The exhibition’s focus on the lesser known aspects of the Cold War is nowhere more obvious than the section called “Secret Space.” As its title suggests, “Secret Space” is dedicated to the veil of secrecy surrounding many policies by the Eastern Block leaders. In addition to interesting surveillance equipment that belonged to the East Germany Secret Police (Stasi), and contemporary photographs of the remnants of the Chernobyl nuclear power plant, the most noteworthy work in this section is a painting by Stanislav Molodykh. This painting depicts the misuse of psychiatry as a regular tool in Brezhnev’s time for repressing the intellectuals who were opposed to the state’s policies and ideological beliefs. Molodykh depicts a dark and gloomy mental asylum, with a portrait of Christ on the wall representing the building’s former purpose: a church. Alongside the Christ portrait hang two other portraits: one of Lenin and the other of Brezhnev, symbolizing the efforts of socialist leaders to create something as holy as a religion out of Socialism. It also contains some implications for the not-so-innocent use of mental asylums during Brezhnev’s time (the painting was painted in 1982, the year Brezhnev died). Besides the political signifiers, we are also reminded of labels such as “philosophically intoxicated,” used by dominant political powers to condemn their opponents, as we view several men who don’t appear to be mentally sick in the painting. [There are more than two of them]

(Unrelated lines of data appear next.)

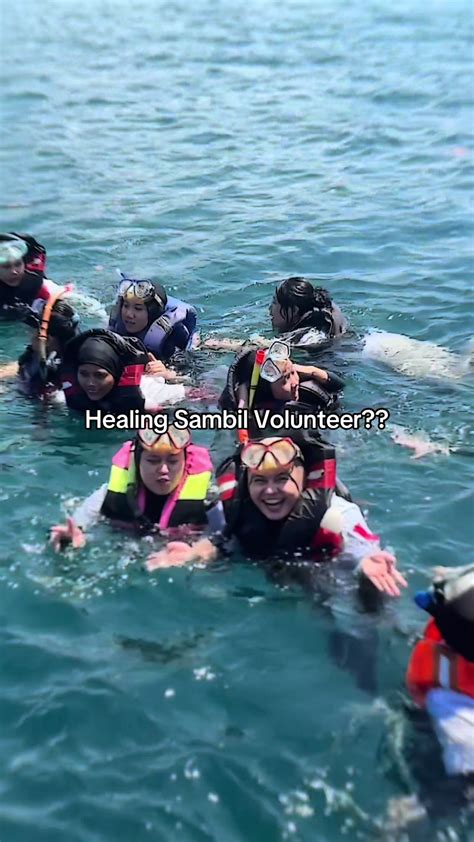 bolep jepang volunteer aid station sambil menjaga kecepatan Pencari anonim dan kreasi anak di video terpanas image 2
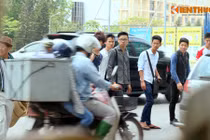 Thót tim cảnh sinh viên ĐH GTVT lao qua đầu ôtô xe máy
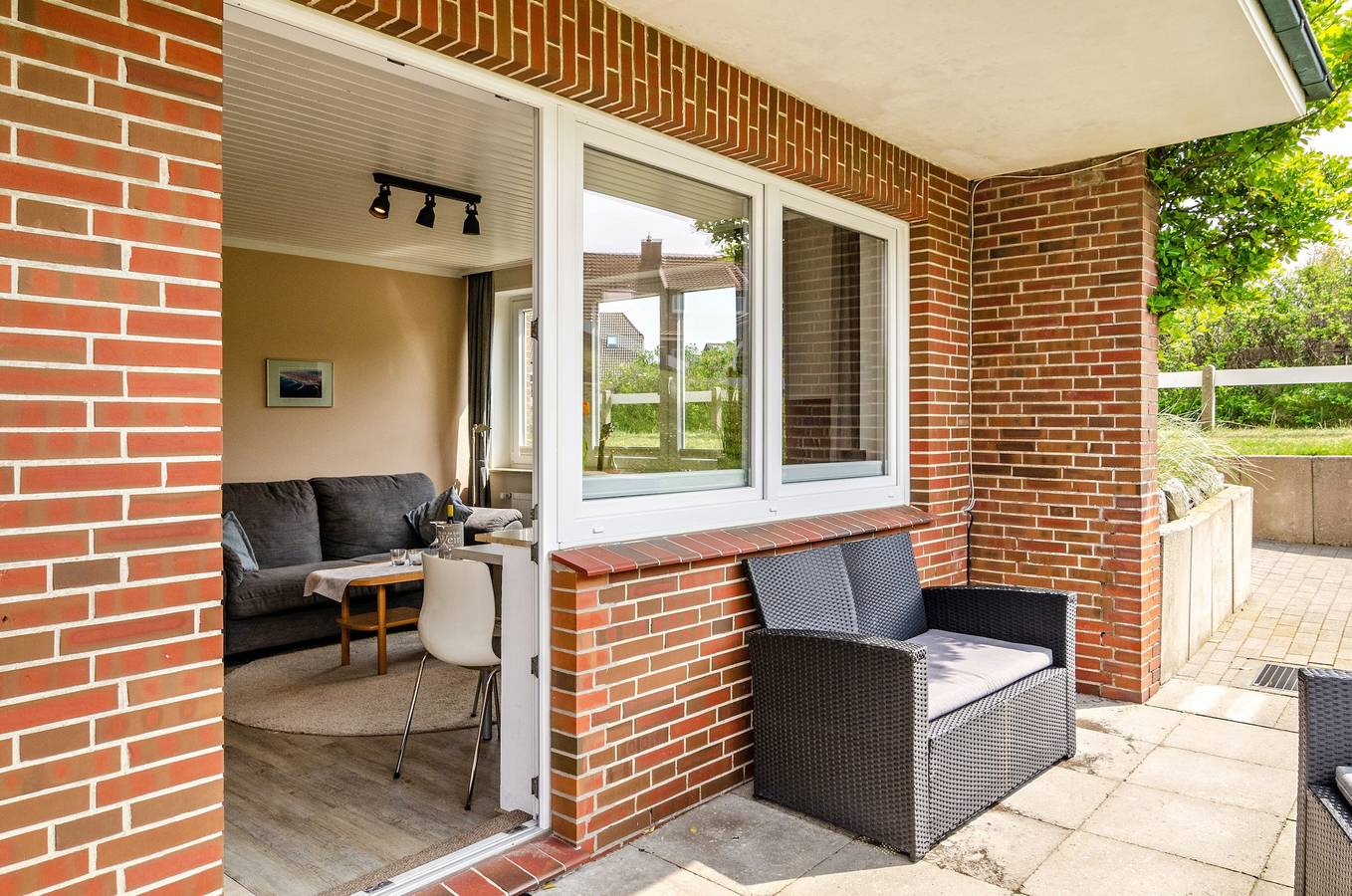 Entire apartment, Apartment 'Strandhus Uiterst-hörn Backbord' with Sea View, Garden & Wi-Fi in Baltrum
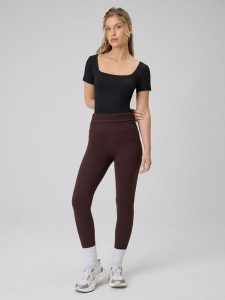 4F Legginsy dzianinowe damskie - brązowe S. Brązowe legginsy 4f, bez wzorów, z dzianiny. Za 129,99 zł.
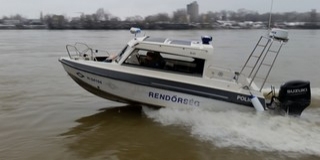 A Dunába esett egy férfi, kimentették a rendőrök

Our intrigue continues with “Public Space,” just across the most typical signs of public life in the socialist countries such as political leaders’ busts, commemorating flags, and pictures of official public events. There is a photograph of young East German punks in public transport by the same artist who photographed the state official events. The photos obviously surprise Western visitors, who have mostly experienced life in socialist countries through the lens of Western media and as something ideological and totally different from their own. The punk youth photos in “Public Space” are in significant dialogue with the counterculture photographs on view in “Private Space,” which are focused on the more intimate and psychoanalytic aspects of the subjects. In two photos showing a close-up view of the faces of a man and a woman, one can see obvious counter-cultural traits of the subjects. [Silberblick in the titles refers to the counter-cultural portfolio and the social niches and individual free spaces carved out by unofficial artists in the GDR.]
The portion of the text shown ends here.